(Data below Opens)

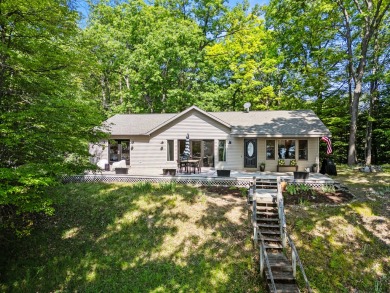This beautiful Lake Mecosta property features 137 feet of nice on St. Ives Golf Club in Michigan - for sale on GolfHomes.com, golf home, golf lot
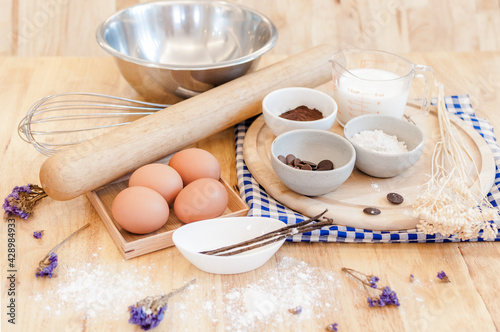Top View Baking Preparation on wooden Table,Baking ingredients. Bowl, eggs and flour, rolling pin and eggshells on wooden board,Baking concept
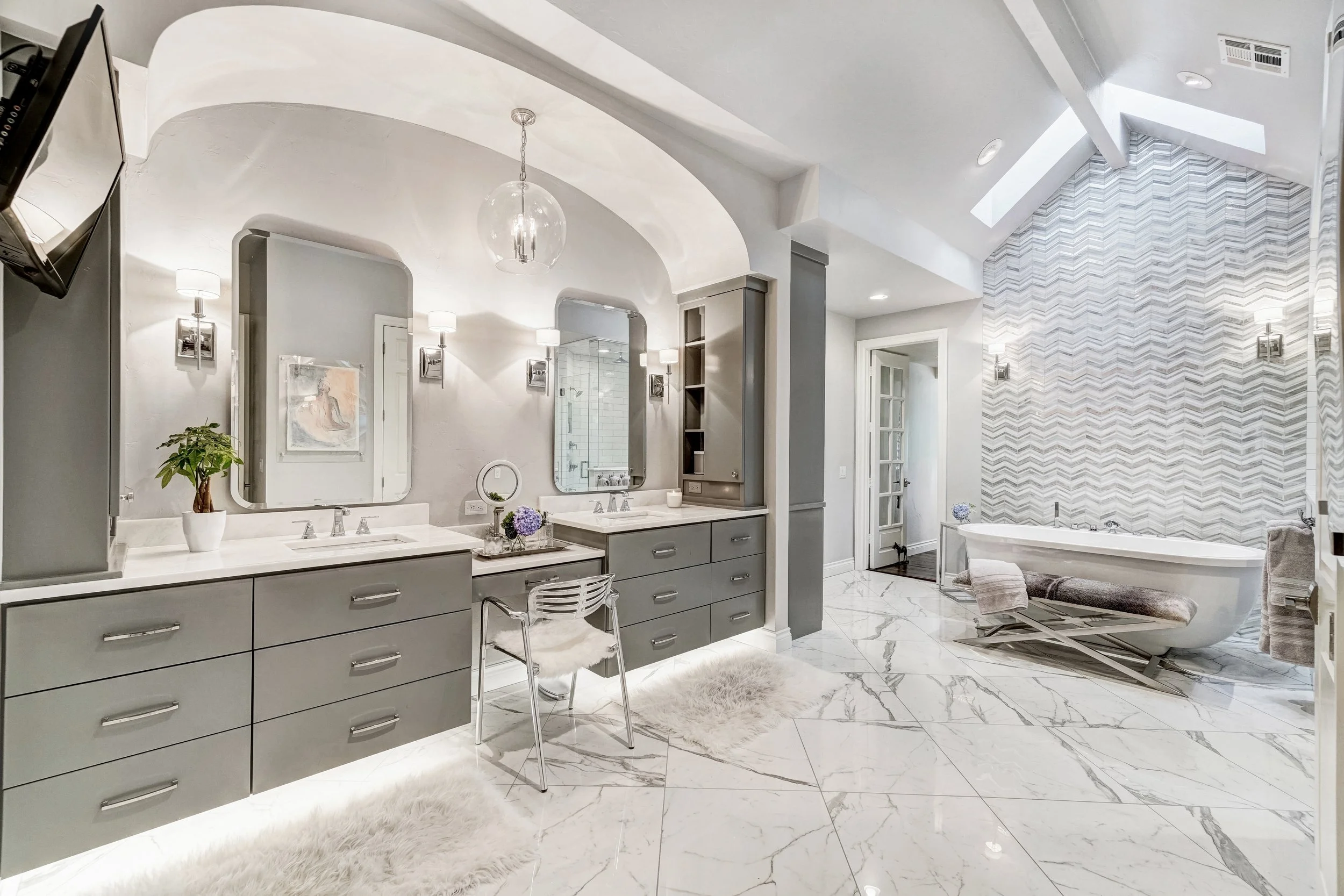After renovation: Double vanity with gray cabinetry, quartz countertops, framed mirrors, makeup station, arched ceiling detail, freestanding bathtub, chevron tile feature wall, large-format marble-look flooring, and decorative wall sconces.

(Data below Closes)

Aim of the exercise - Your response must consist of the lines from the beginning of the data through the line containing "Top View Baking", transcribed exactly, with no pictures.

Output of the exercise -
This beautiful Lake Mecosta property features 137 feet of nice on St. Ives Golf Club in Michigan - for sale on GolfHomes.com, golf home, golf lot
Top View Baking Preparation on wooden Table,Baking ingredients. Bowl, eggs and flour, rolling pin and eggshells on wooden board,Baking concept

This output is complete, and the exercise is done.